A related paper is Kumar, Torr, and Zisserman, “Solving Markov Random Fields using Second Order Cone Programming Relaxations“, CVPR 2006, which may be useful as a quick introduction as well as an example of how to apply these methods to a vision problem (object recognition), but the main focus of the meeting will be on the JMLR paper.

The paper begins by describing the integer programming formulation of MAP estimation, equivalently energy minimization, hence the integer program and all relaxations are minimization problems in the paper.  Next, the paper gives three relaxations of the integer program – LP-S, the linear programming relaxation (the main one we dealt with in Wainwright); QP-RL, a quadratic programming relaxation; and SOCP-MS, a second order cone programming relaxation.  One of the focuses of the paper is to compare these different relaxations to one another, and describes how to do so in the next section, through the notion of dominance.  The paper goes on to prove that LP-S dominates SOCP-MS, and prove that SOCP-MS and QP-RL are equivalent.

The next focus of the paper is to prove that for a class of relaxations (on trees and certain types of cycles) LP-S strictly dominates SOCP-MS (and consequently QP-RL).  The paper then gives two additional types of constraints that can be added to the SOCP relaxation, such that the new SOCP relaxation dominates LP-S for some problems and has a feasibility region not a super-set of the LP-S feasibility region.

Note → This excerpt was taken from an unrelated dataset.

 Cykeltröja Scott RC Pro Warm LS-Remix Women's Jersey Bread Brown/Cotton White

The majority of the paper is in the proofs, so beyond understanding the basic set-up, I think that’s where we should be spending our time.  In particular, if there are any steps that you do not follow, post them in the comments and we can try to work through it during the meeting.

Notes:

Going from SDP to SOCP relaxation:

One fact that seems to be used without an explicit proof is A \succeq 0 \Leftrightarrow A \bullet C \geq 0 \quad \forall C \succeq 0, where A \bullet C = \sum_{ij} A_{ij}C_{ij} is the Frobenius inner product on matrices.  Here’s a quick proof, where the second direction uses part of the CVPR paper.

First, note that x x^T \succeq 0, since for any vector a, a^T x x^T a = (a^T x)^2 \geq 0.  Therefore, A \bullet C \geq 0 \quad \forall C \succeq 0 \Rightarrow A \bullet x x^T \geq 0 \quad \forall x \Rightarrow \sum_{ij} A_{ij} x_i x_j \geq 0 \Rightarrow x^T A x \geq 0 \Rightarrow A \succeq 0.

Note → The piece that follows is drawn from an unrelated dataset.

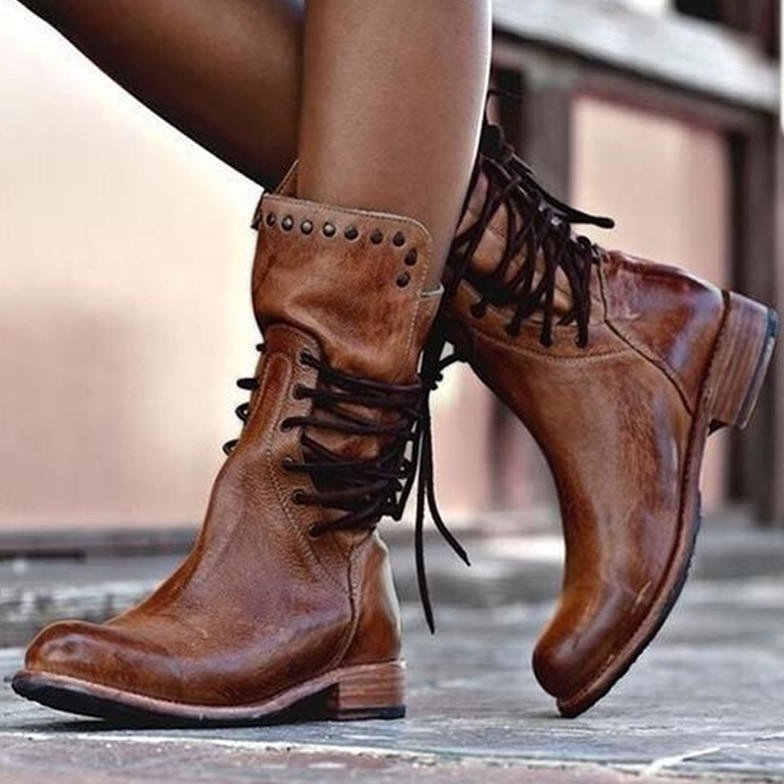 Stiefeletten Damen mit Schnürung, Nieten, Blockabsatz und Lederoptik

To go the reverse direction, note that any symmetric positive semidefinite matrix C can be written as UU^T using the Cholesky decomposition.  Let A \succeq 0, and C = UU^T be any positive semidefinite matrix.  A \bullet C = A \bullet UU^T = \sum_{ijk} A_{ij} U_{ik} U^T_{kj} = \sum_{ijk} U^T_{ki} A_{ij} U_{jk} = \sum_k u^T_k A u_k \geq 0, where u_k is the kth column of U (not row, as stated in the CVPR paper), and the last inequality uses the fact that A \succeq 0.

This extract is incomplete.